Verfügungen sind im Parteibetrieb innerhalb der Frist des § 929 ZPO zuzustellen (siehe zur Zustellung auch § 55 Rdn 70 ff.).
Der Unterlassungsantrag wird in der Regel auf das Verbot der (weiteren) Verbreitung unwahrer Tatsachen gerichtet sein. In Ausnahmefällen kann auch das Veröffentlichen wahrer Tatsachen oder aber von Meinungsäußerungen angegriffen werden:
Die Verbreitung unwahrer Tatsachen nimmt am Grundrechtsschutz des Art. 5 Abs. 1 GG regelmäßig nicht teil, es sei denn, die Unwahrheit war nicht erkennbar oder die Presse kann sich auf die Wahrnehmung berechtigter Interessen berufen (siehe § 193 StGB).

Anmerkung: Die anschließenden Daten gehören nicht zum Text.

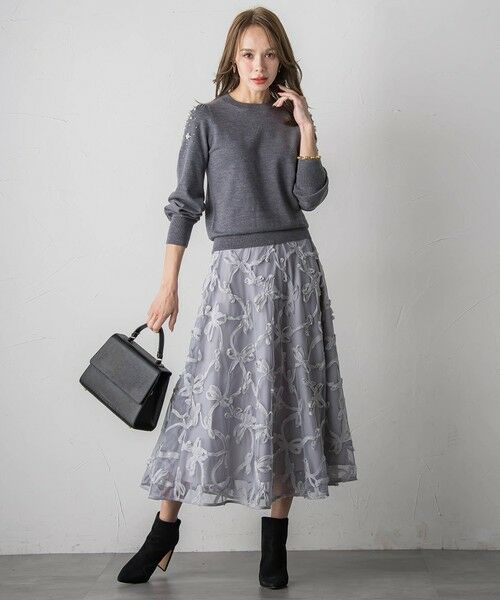 Viaggio Blu / ビアッジョブルー ミニ・ひざ丈スカート | スパンコールテープチュールスカート | 詳細25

In allen anderen Fällen besteht eine faktische Vermutung der Unzulässigkeit. Der Betroffene muss aber gleichwohl ein berechtigtes Interesse an der Unterlassung haben. Äußerungen, die den Betroffenen nicht in seiner Sozialsphäre tangieren, sind daher auch dann nicht unterlassungsfähig, wenn sie unwahr sind.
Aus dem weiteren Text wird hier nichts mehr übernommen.